Cincinnati Opera sheds light on a scientific rebel with Glass's "Galileo Galilei"

Two Galileos: Richard Troxell (left) and Andrew Garland
Unlike his other biographical operas, in "Galileo Galilei"  Philip Glass and his librettist fashion a  direct approach to the subject. The music as a result seems more on a this-worldly plane than "Satyagraha"  and "Akhnaten,"  acknowledged masterpieces that thread a variety of texts on a spiritual string that's by design harder to grasp.

With early 17th-century Italy more directly in the background of Western audiences —  especially when the central conflict concerns the claims of religion versus those of science — "Galileo Galilei" has an immediacy that is fully addressed in a Cincinnati Opera production which opened Thursday night at the Corbett Theater.

Mary Zimmerman's libretto is in clear, albeit heightened, English (except for homily excerpts delivered in Latin, which Galileo translates on the spot for his daughter). The action focuses on Galileo's wonder, curiosity and delight in what he is learning, and the trouble that makes for him when set against the church's teaching about Earth's centrality in God's creation.

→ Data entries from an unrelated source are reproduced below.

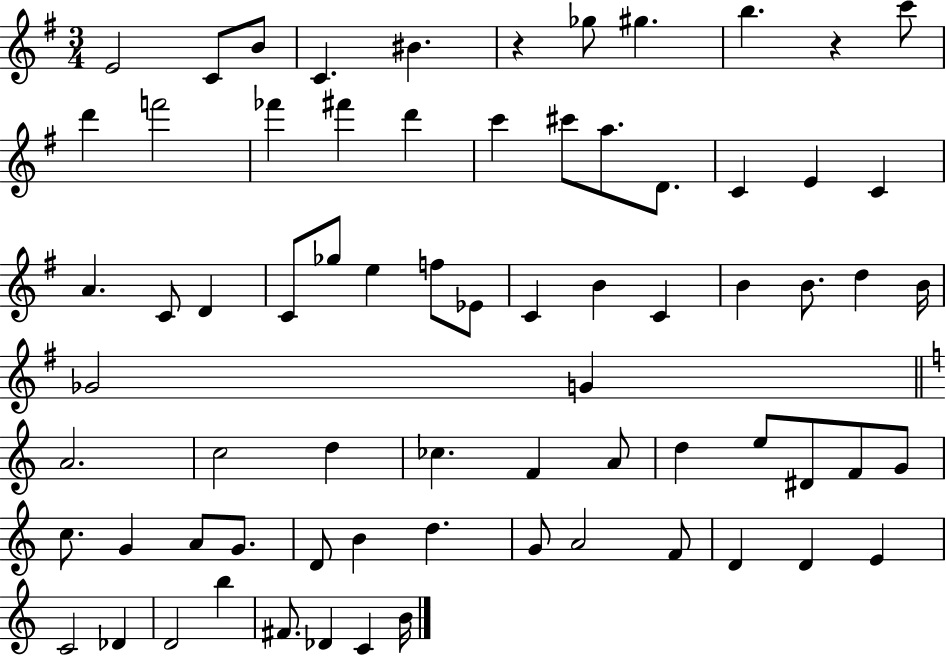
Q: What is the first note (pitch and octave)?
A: E4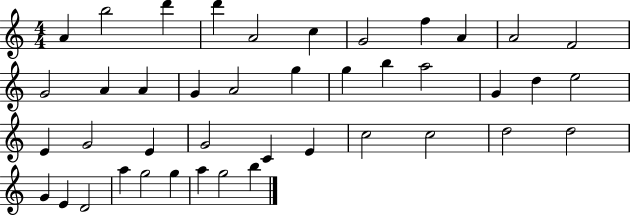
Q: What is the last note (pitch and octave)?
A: B5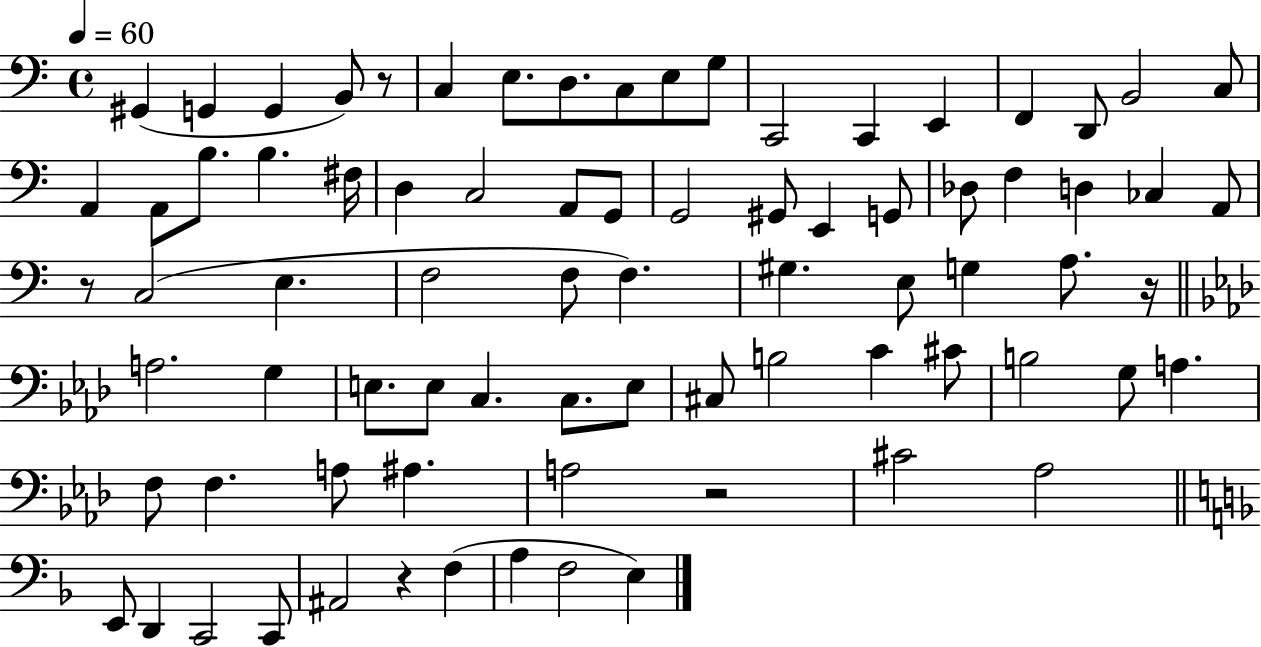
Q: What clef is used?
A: bass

The work ends in spectacle, evoking the look and stage machinery of opera's beginnings, in which the astronomer's father, Vincenzo, had a hand with the fabled Camerata.  This culmination of the action moves Galileo's struggles onto a mythological plane, as the story of Orion the Hunter is retold. A final chorus brings to the fore the significance of the parallel:  The blinded Orion has been set among the stars as part of a divine bargain; Galileo endures blindness in old age after suffering for his dogma-shattering discoveries about stars and planets and their movements relative to each other. In both cases, as the English version of Haydn's "Creation" puts it: "The heavens are telling the glory of God" (or gods).
Andrew Garland (left) and Nathan Stark

The music given to the chorus borrows its grandeur from yesteryear's band concerts in the park, for some reason. Hence, in this finale Glass' style is both elevated and lowered at the same time, with the massed ensemble's lilting waltz rhythms punctuated by cymbals and snare drum.

At any rate, Glass' music must be more gratifying to sing than to play, though the Cincinnati Symphony Orchestra's accompaniment from the pit seemed colorful and judiciously paced under the baton of Kelly Kuo.  Thursday's performance had plenty of magnificent singing, including clarity of diction that had me wondering if the supertitles were necessary; I kept glancing up at the screen despite missing very few of the sung words.

Richard Troxell's anguished but dignified portrayal of the Old Galileo launched the performance with a riveting scena as the opera opens.  All of the astronomer's second thoughts about his discoveries and his recantation of them come out in his sightless old age. The constant arioso writing threatened to become wearying over the course of an uninterrupted 90 minutes, but it was superbly demonstrated here.

That level of success helped make the scenes with Cardinal Bertini (later Pope Urban VIII) riveting as well. Nathan Stark managed especially well the difficult balance the prelate had to maintain as both Galileo's friend and an ambitious Vatican careerist.  The intellectual argument between the two on whether faith is better upheld by learning more about God's world or using His Word absolutely as a template for human thought was compellingly staged and well sung by Stark and, as the younger Galileo, Andrew Garland.

Garland also exemplified the astronomer's fatherly devotion in a touching scene in which the tension with the Church is sublimated in Galileo's physics lesson to Maria Celeste, sung winsomely by Alexandra Schoeny (who also filled well a much different role elsewhere, as the imperious Duchess Christina). With the glowing, suspended spheres used in Galileo's demonstration and the perky, understated accompaniment, this scene was a triumph for Ted Huffman's stage direction, always sensitive to the music. Similarly enchanting was the scene, with apt masks and movement, that stages Galileo's controversial book. He conceived the work as a dialogue about planetary motion, a strategy he mistakenly thought would keep him out of trouble.

Another remarkable performance must be singled out: John Holiday's late appearance as a narrating Oracle and his earlier one as one of the accusing cardinals together constituted the most stunning, virile display of the operatic countertenor I've heard since Christophe Dumaux nailed the title role in Handel's "Tamerlano" at the 2003 Spoleto Festival.

All told, "Galileo Galilei" seems less than top-drawer Glass, small-scale portraiture that in this production is fortunately given a marvelously thoughtful context. However troubling the issues raised, the experience falls pleasurably on eye and ear.